There was a time almost everyone whose identity crosses the African - European boundary needed to tell the world if they were Afropolitan or not. Marta Tveit's "The Afropolitan must go" essay was in the I am Not an Afropolitan category. https://africasacountry.com/2013/11/the-afropolitan-must-go
There were of course many who were (are still) proud to call themselves Afropolitan. Definitely. The label has power. The contributions to the debate mention many of them. Afropolitanism is a brand! At some point, it was patented, in fact. Ditto, neoliberal capitalism!
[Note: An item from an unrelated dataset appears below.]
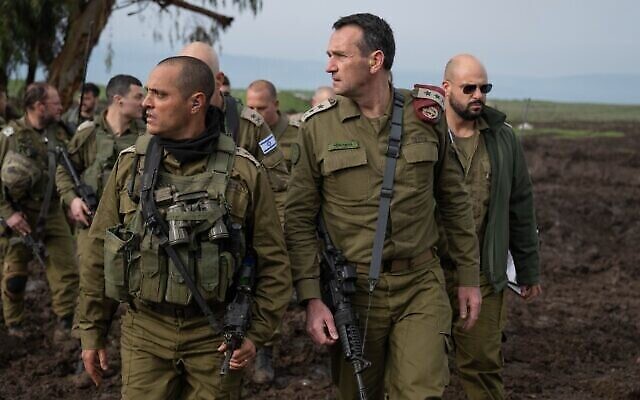 رئيس أركان الجيش الإسرائيلي اللفتنانت جنرال هرتسي هليفي (وسط) يلتقي بجنود خلال تدريب في شمال إسرائيل، 17 يناير، 2024. (Israel Defense Forces)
If I mention one, the blog https://www.msafropolitan.com  comes to mind immediately. She mentions that Afropolitanism is a luxury. "People who are struggling for food, or fleeing wars, or struggling with other disabling structures, sadly rarely have the luxury to debate ideology."
Two years later, my anxieties about "migrating", "class", and "cosmopolitanism" were still present and I explored them for @africasacountry - https://africasacountry.com/2015/11/waiting-to-be-local
I am still "interested" and this thing forms part of my larger work, here is one outcome:

"Beyond the Afropolitan Postnation: The Contemporaneity of Jennifer Makumbi’s Kintu." Research in African Literatures, vol. 49 no. 1, 2018, p. 103-116. http://muse.jhu.edu/article/699326 .
Also, I really would love @kobbyagraham's insights on the "actual" counter-cultural roots / origins of "Afropolitanism" and the appropriation (including patenting) of that early work to get wider attention, but will he accept to publish?
Threads must end, there is simply too much stuff out there on Afropolitanism, I do not think I have read even half of the things and I wish I could, I do not know if a lot of them would lead to freedom. What I heard from Kobby would lead to freedom, though. It is not published.